Mitchell had also previously refrained from referencing her law firm affiliation in at least one politically sensitive case.

She listed the ActRight Legal Foundation, not Foley & Lardner, on an amicus brief she filed with the Supreme Court in 2013. Her brief asked the justices to overturn an appeals court ruling striking down California’s Proposition 8, a move which would have effectively banned same sex-marriage in the state.

Lawyers, of course, are asked to represent unpopular clients and defend unpopular opinions. As private businesses, though, law firms can make judgment calls about what types of cases they want their lawyers to handle, said Jan Jacobowitz, the former director of the Professional Responsibility & Ethics Program at the University of Miami’s School of Law.

Mitchell’s role on the president’s call also blurred the lines between an advocating for an unpopular president and, potentially, breaching lawyers’ professional rule to not participate in criminal behavior by their clients, according to critics.

Some Trump defenders have argued that the call was part of confidential settlement discussions in litigation over the Georgia election results. But, by asking Raffensperger to “recalculate” the election tally, Democratic Reps.

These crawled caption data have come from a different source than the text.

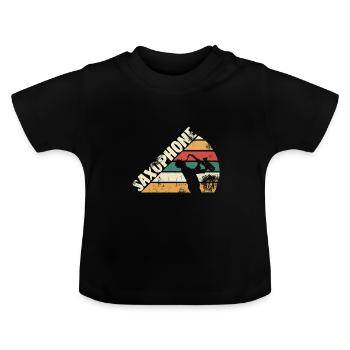 Saxophone Jazz Player - Baby Organic T-Shirt with Round Neck - black - Front
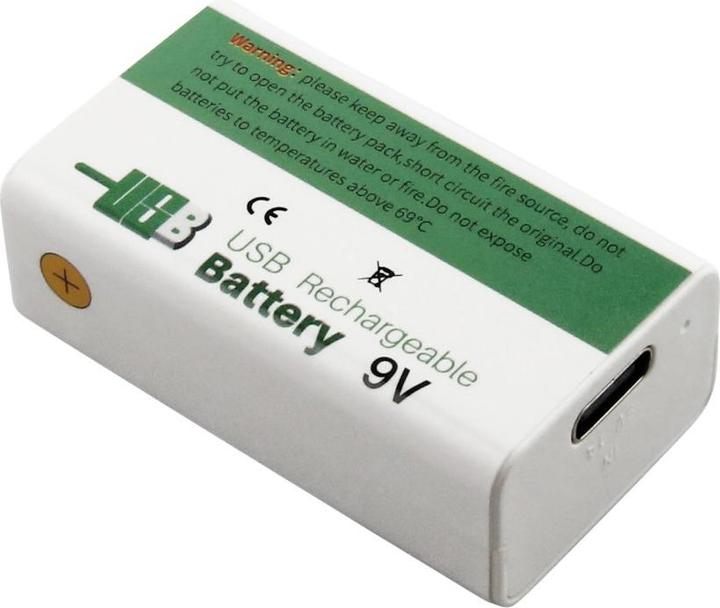 Produktbild AccuCell 9V Akkublock mit USB-C Ladeanschluss, Li-ion, 7,4V, 1200mAh, 8,1 Wh (1 Stk., 1200 mAh, Akku)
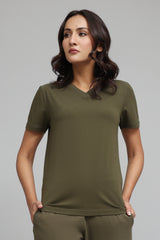SOFT TOUCH V-NECK EVERYDAY TOP-OLIVE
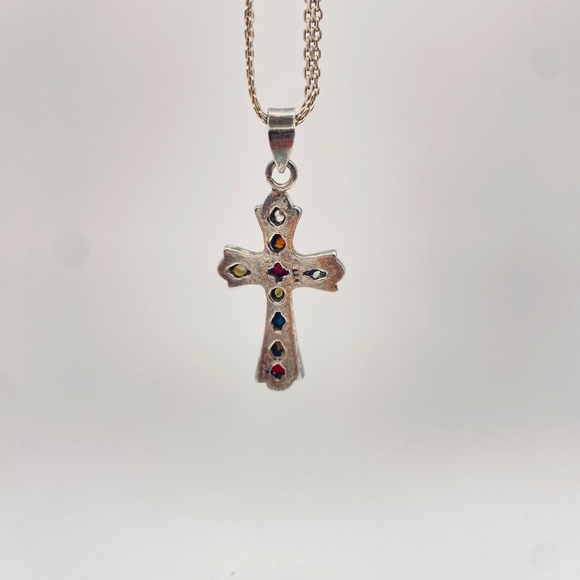 Sterling Silver Navrantha Cross Pendant and Woven Mesh Italian Chain 24” - Picture 5 of 16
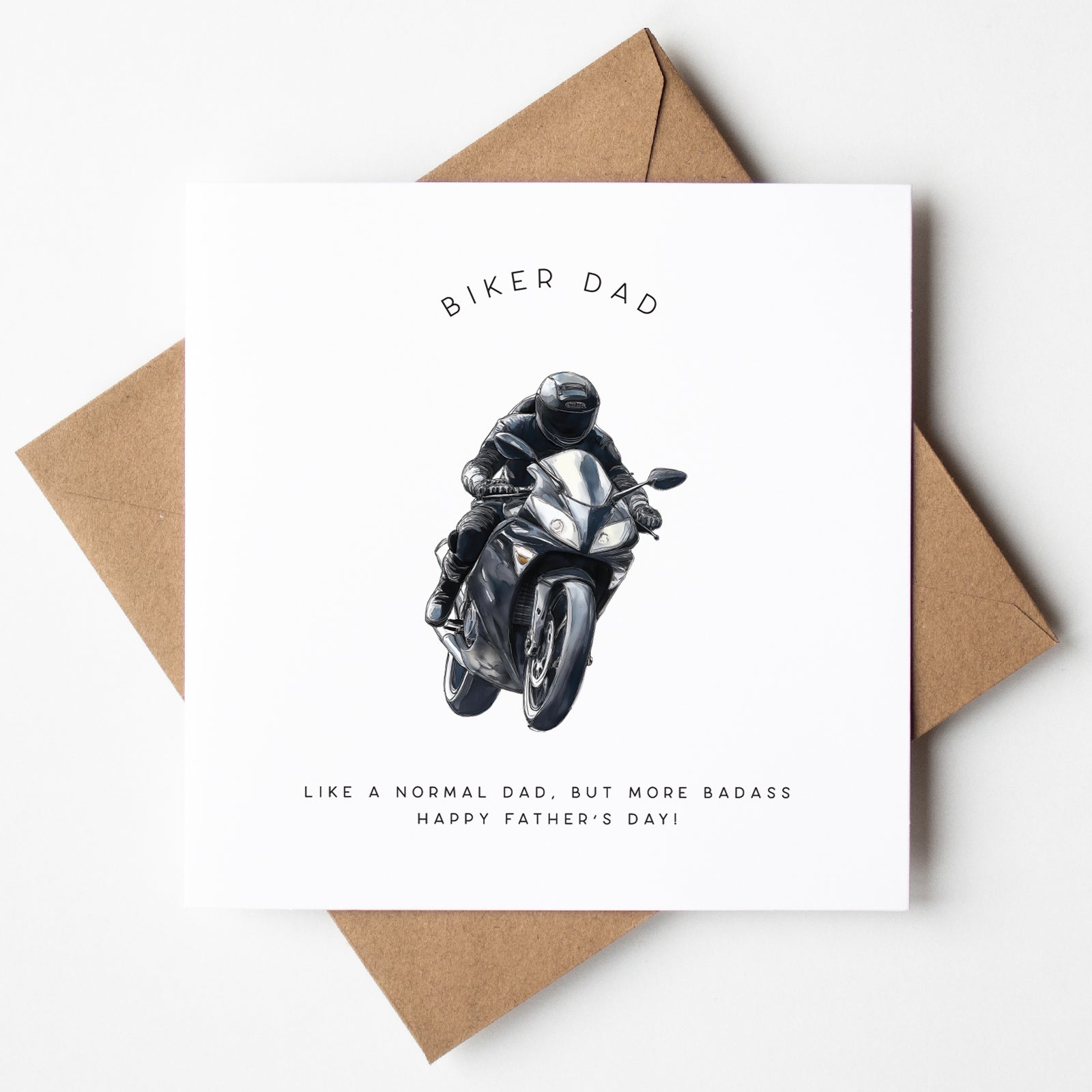 Father’s Day card with biker on motorbike, perfect for badass dads, UK made and dispatched fast.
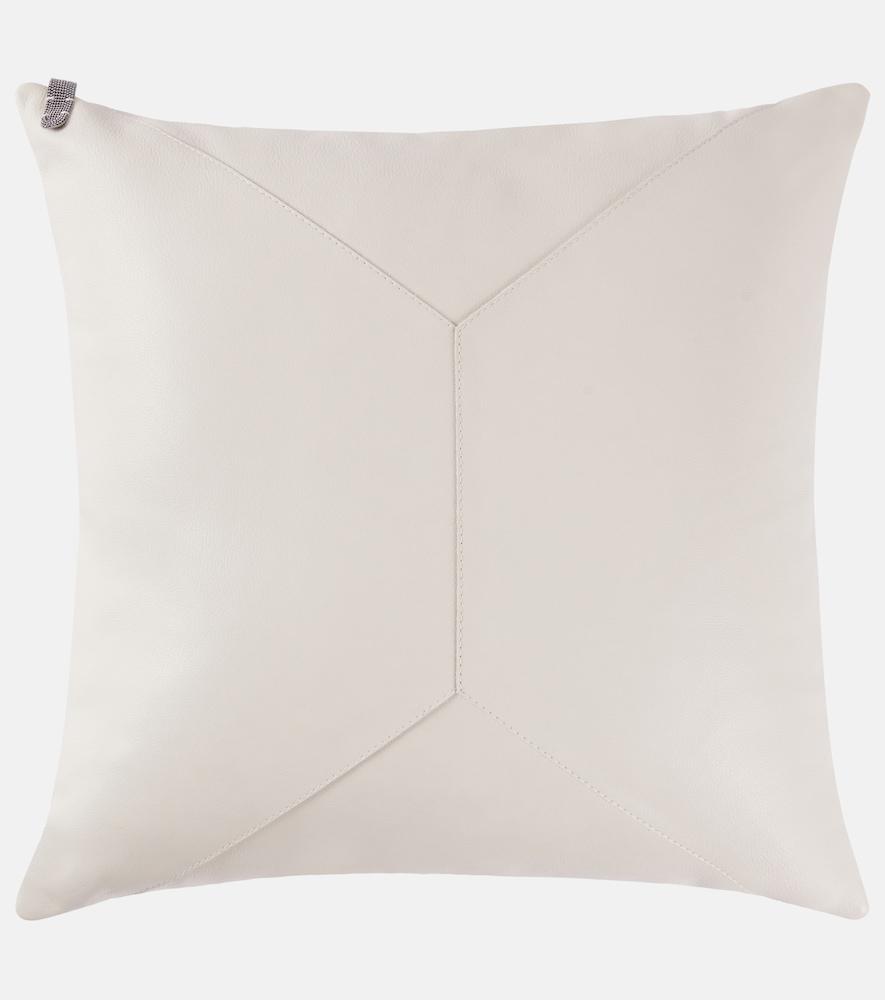 brunello cucinelli monili leather cushion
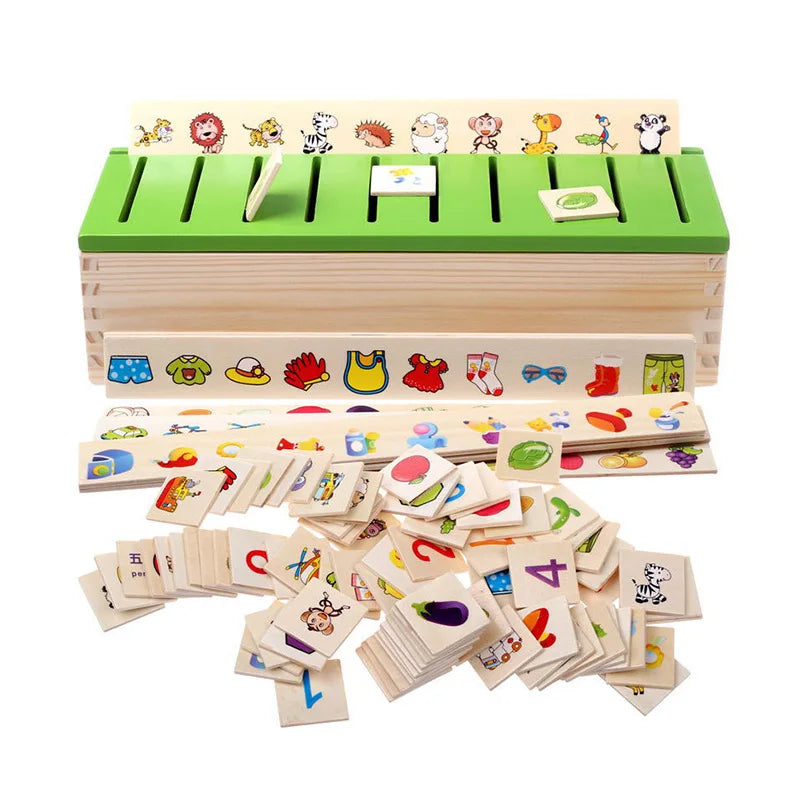 Wooden Intelligence Knowledge Sorting Box Fruit Animal Traffic Shape Digital Matching Game Montessori Early Education Toy Kids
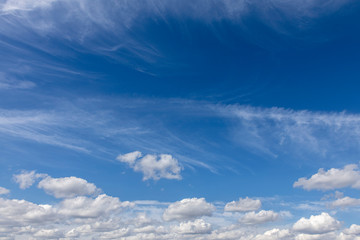 beautiful background with sky, Cirrus and Cumulus clouds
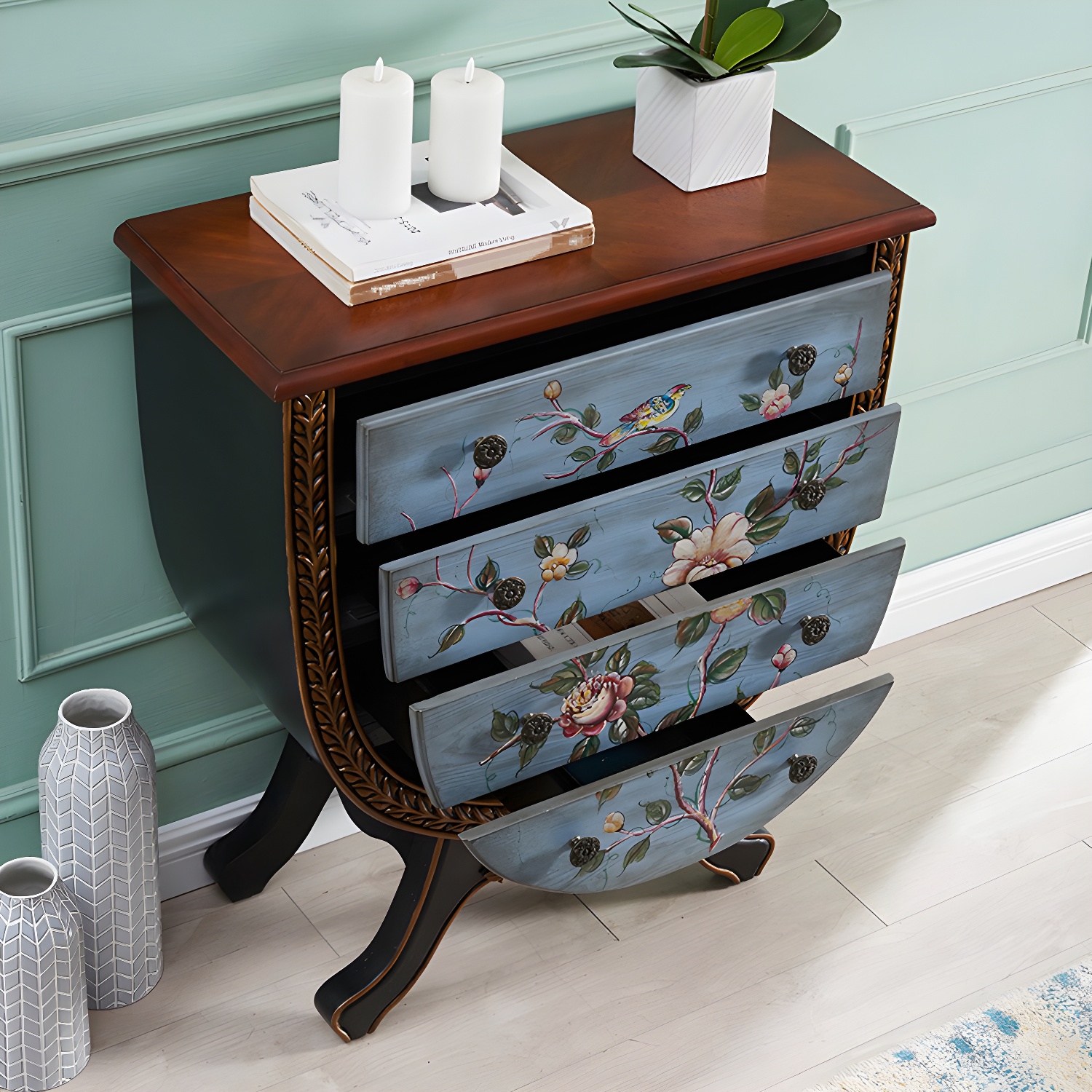Rustic Wood Chest Vertical Chest with Drawers for Living Room - image 13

Ted Lieu (Calif.) and Kathleen Rice (N.Y.) are among those who argue the president engaged in a conspiracy to commit election crimes.

Jacobowitz said lawyers’ involvement in Trump’s post-election challenges have stressed the application of the legal ethics rules.

“Thus far the lawyers have not faced disciplined,” she said. “And it’s difficult to ascertain whether some of these lawyers are being attacked just for handling an unpopular cause or whether instead they have crossed the ethical line into impermissible frivolity or worse.”